= WORK INSTRUCTIONS =
Look through the records below and say how many lines include "ложки". Give only that number.

= RECORDS TO USE =
· · · · ·

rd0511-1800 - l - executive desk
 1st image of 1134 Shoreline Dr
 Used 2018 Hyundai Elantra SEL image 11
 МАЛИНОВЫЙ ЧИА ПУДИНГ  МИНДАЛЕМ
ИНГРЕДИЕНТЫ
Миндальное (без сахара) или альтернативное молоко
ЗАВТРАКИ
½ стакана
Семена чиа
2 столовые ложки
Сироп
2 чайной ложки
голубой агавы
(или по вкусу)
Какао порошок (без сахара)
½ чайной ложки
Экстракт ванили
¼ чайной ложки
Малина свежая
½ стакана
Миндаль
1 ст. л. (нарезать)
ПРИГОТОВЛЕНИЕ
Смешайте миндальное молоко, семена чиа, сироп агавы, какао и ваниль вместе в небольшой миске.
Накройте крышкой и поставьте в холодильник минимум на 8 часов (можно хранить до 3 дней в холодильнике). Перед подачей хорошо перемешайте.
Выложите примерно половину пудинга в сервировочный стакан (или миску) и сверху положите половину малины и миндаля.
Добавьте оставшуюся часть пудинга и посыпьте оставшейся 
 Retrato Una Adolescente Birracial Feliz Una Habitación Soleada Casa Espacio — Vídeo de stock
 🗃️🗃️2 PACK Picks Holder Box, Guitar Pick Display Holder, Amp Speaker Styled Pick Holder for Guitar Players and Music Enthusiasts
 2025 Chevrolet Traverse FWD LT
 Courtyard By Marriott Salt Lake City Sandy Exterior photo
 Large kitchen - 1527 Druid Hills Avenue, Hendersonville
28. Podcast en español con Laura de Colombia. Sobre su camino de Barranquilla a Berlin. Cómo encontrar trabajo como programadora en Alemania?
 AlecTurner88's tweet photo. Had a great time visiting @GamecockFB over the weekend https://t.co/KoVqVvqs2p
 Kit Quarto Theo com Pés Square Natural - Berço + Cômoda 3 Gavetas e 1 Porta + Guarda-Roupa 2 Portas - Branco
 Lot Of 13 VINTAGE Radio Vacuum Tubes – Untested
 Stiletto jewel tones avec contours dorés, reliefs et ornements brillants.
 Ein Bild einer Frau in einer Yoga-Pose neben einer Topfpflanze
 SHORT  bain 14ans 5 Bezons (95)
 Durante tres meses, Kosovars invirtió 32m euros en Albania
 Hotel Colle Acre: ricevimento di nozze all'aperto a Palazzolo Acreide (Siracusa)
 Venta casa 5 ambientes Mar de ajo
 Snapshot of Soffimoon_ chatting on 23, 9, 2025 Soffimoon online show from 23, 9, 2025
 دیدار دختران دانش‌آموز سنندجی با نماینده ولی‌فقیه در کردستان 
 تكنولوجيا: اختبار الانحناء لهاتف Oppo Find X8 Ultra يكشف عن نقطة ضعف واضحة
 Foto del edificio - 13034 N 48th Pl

· · · · ·

= EXPECTED ANSWER =
4